(Beginning of Study material)
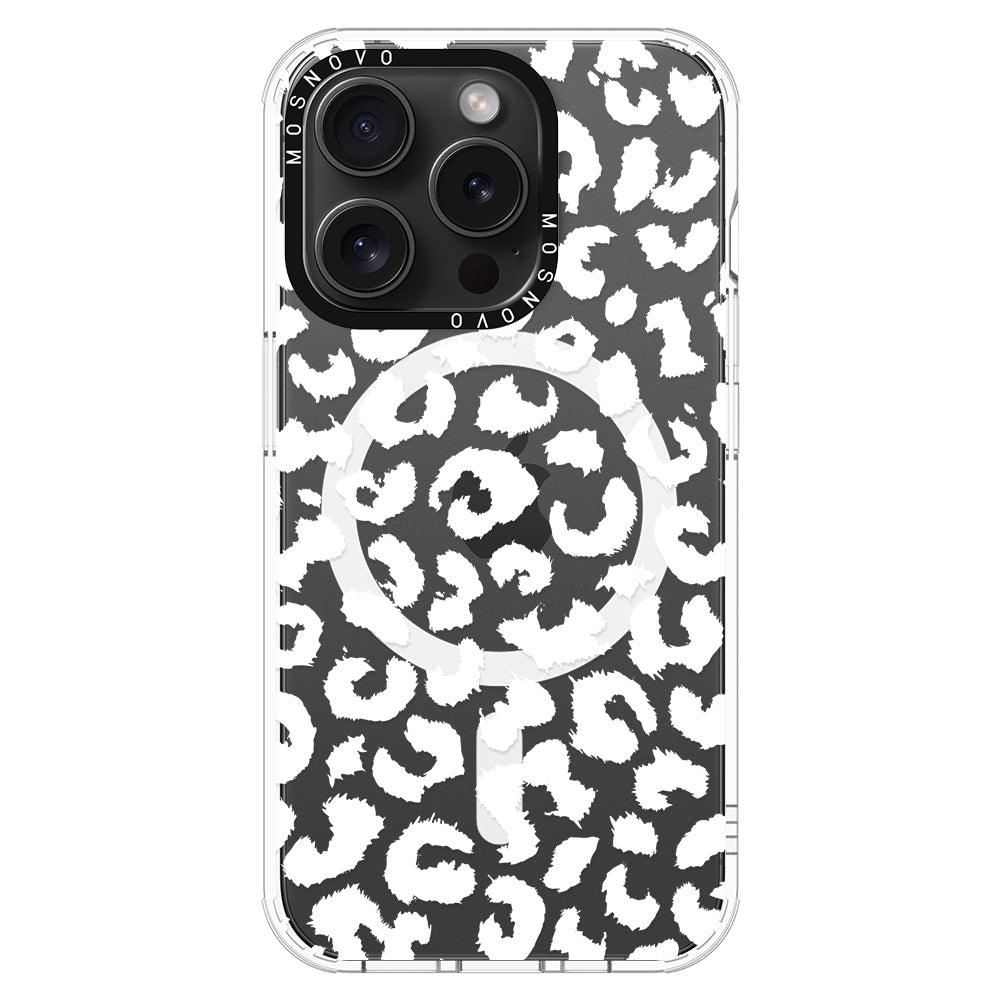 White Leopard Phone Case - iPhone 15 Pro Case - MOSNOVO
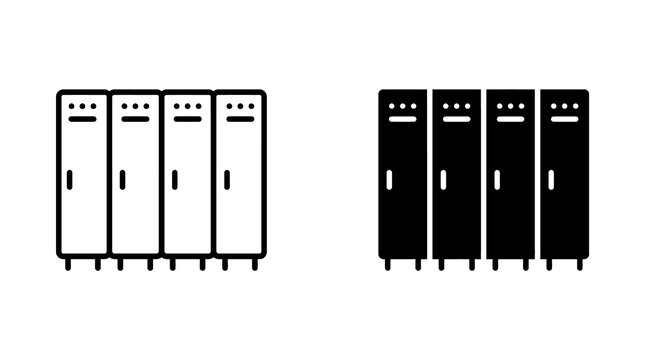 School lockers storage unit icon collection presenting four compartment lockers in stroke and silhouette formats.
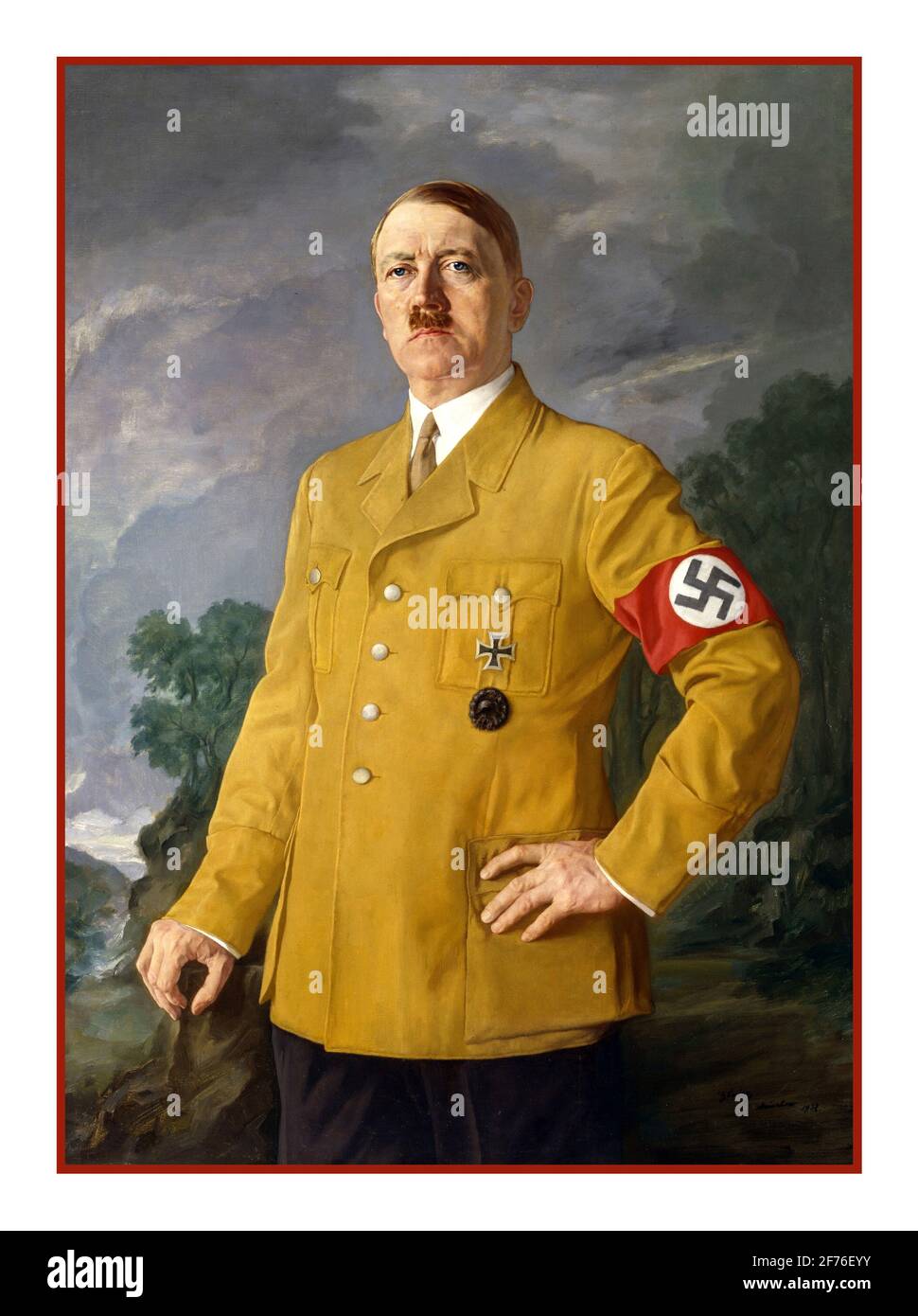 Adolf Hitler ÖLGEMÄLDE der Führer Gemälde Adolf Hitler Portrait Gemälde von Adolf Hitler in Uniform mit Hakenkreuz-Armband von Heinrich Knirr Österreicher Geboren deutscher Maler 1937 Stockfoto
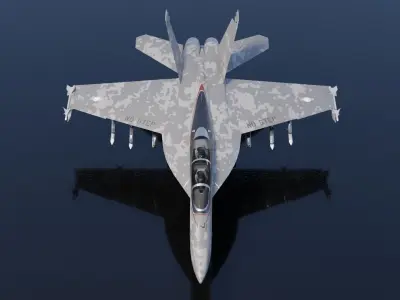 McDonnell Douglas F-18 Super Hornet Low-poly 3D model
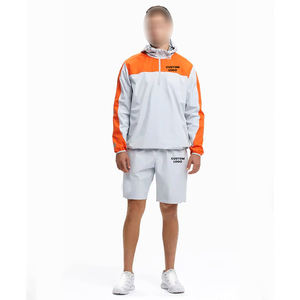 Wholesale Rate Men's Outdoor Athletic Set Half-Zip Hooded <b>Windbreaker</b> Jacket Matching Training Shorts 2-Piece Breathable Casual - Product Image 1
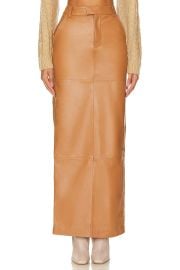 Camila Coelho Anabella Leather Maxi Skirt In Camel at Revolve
(End of Study material)
Required work: If pictures appear in the data, omit them and copy all other parts exactly.

Exercise result:
 White Leopard Phone Case - iPhone 15 Pro Case - MOSNOVO
 School lockers storage unit icon collection presenting four compartment lockers in stroke and silhouette formats.
 Adolf Hitler ÖLGEMÄLDE der Führer Gemälde Adolf Hitler Portrait Gemälde von Adolf Hitler in Uniform mit Hakenkreuz-Armband von Heinrich Knirr Österreicher Geboren deutscher Maler 1937 Stockfoto
 McDonnell Douglas F-18 Super Hornet Low-poly 3D model
 Wholesale Rate Men's Outdoor Athletic Set Half-Zip Hooded <b>Windbreaker</b> Jacket Matching Training Shorts 2-Piece Breathable Casual - Product Image 1
 Camila Coelho Anabella Leather Maxi Skirt In Camel at Revolve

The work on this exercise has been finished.